Who are they? The minions traveling to see the U.S. Open Golf Tournament taking place this week in Olympia Fields, Illinois. Each day the Randolph Street station is packed to the gills with highly-cologned, polo-shirted, baseball-capped cell phone junkies who all have to yell at each other across the waiting area and the train aisles. Every one of them is either reading the Tribune sports section, USA Today or using their cell phones to spread the word of the latest birdies and bogies to their buddies around the country. At least the ones with Blackberry™ PDAs are relatively quiet, tapping away insanely at their minature keyboards.
Golf in the abstract is an interesting exposition of skill and triumph over the laws of physics, but it's pretty dismal as a social institution. My main ideological beef with golf is that it seems to be a boring, elitist game for the idle rich.
I know, I know...that sounds like a simpleminded generalization from someone who probably couldn't hit a brick building with a 9-iron.
You'd probably be right. I was always the laughing stock of the local mini-golf putting greens: those windmills and fountains would silently chuckle at my 10-stroke par-3 bumbling. On the other hand, there are some acceptable forms of golf, like Canadian Boat Golf.

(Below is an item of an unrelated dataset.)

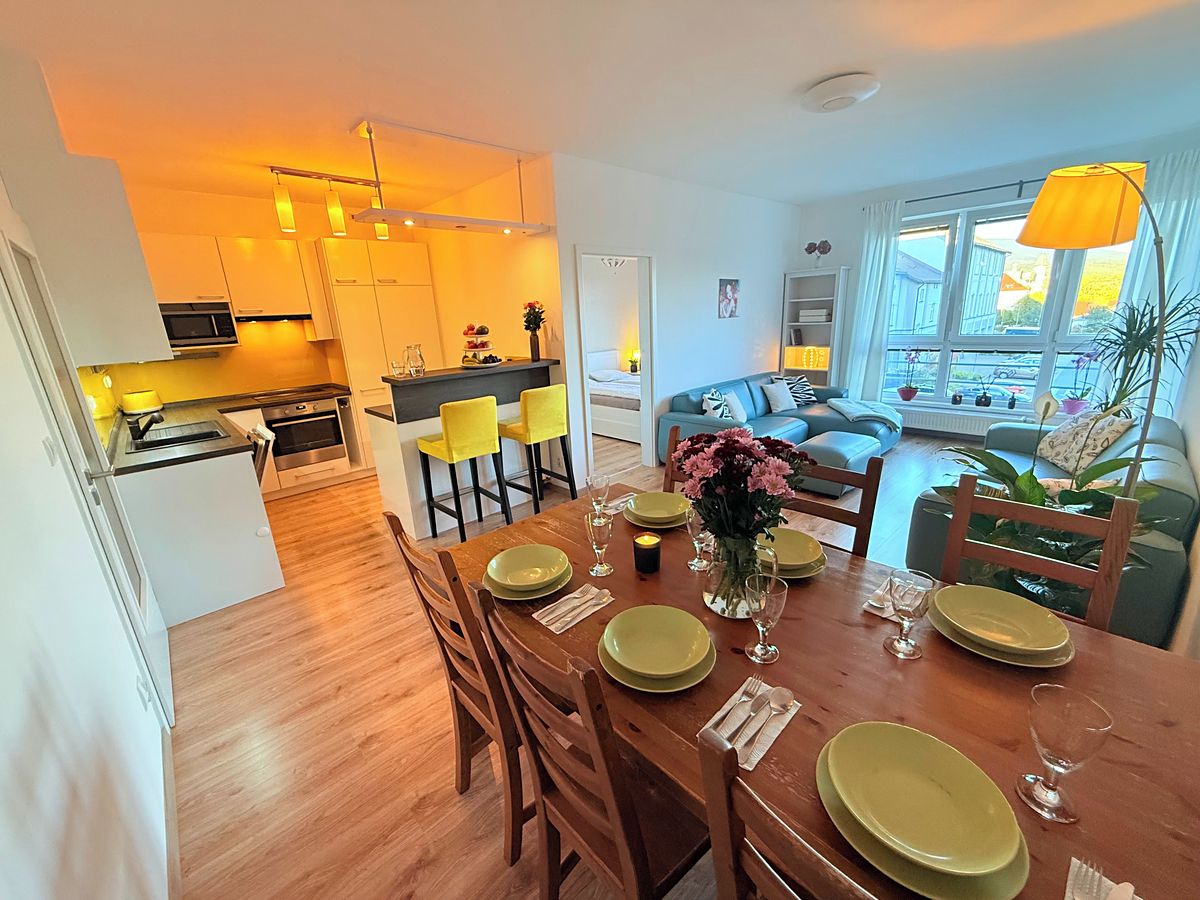 Prodej bytu 3+kk 73 m², Vrchlabí – fotka 1 z 3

Canadian Boat Golf is usually played in the dark, from camps or cabins along the shore of a lake or inlet frequented by Jet-Skis™ or recreational craft. The trick is to use your sense of hearing to hone in on the trajectory of the "hole" - i.e., the boat - and to swing at precisely the right moment to hear a loud clunk or crash, followed by choice curses from the boat occupants shortly afterwards. The final step is to hide silently far from view when the flashlight shines on shore. Now that's golf.
I'm sure there are some poor ghetto children somewhere being brought to the links by some wealthy socially-minded benefactor. But by and large, golf is for those who can call their assistant down at the office and say, "hold my appointments for the afternoon - I've got a business meeting with three very important people, *snicker snicker*".
Louis XIV would have probably played golf if it weren't too hot under his wig in the sun.
It's not a game for the minimum-wage, swing-shift working class Joes and Janes of the world. That's what baseball and basketball are for. You can learn to become a great player on the local basketball court with a ratty old Wilson ball your brother gave you and a cutoff t-shirt. You can become the next Sammy Sosa or Willie Mays with only a pockmarked Louisville Slugger, a sharp eye and a strong swing. At least theoretically.
Now those are games that sing - games with soul. There's plenty of baseball and basketball movies around. How many golf movies are there? Happy Gilmore and The Legend of Bagger Vance? Okay - Caddyshack. That was a good golf movie. But it says something that the majority of golf movies are comedies, not dramas.
I shouldn't complain, but it is Friday the 13th - and I feel somehow legally obliged to.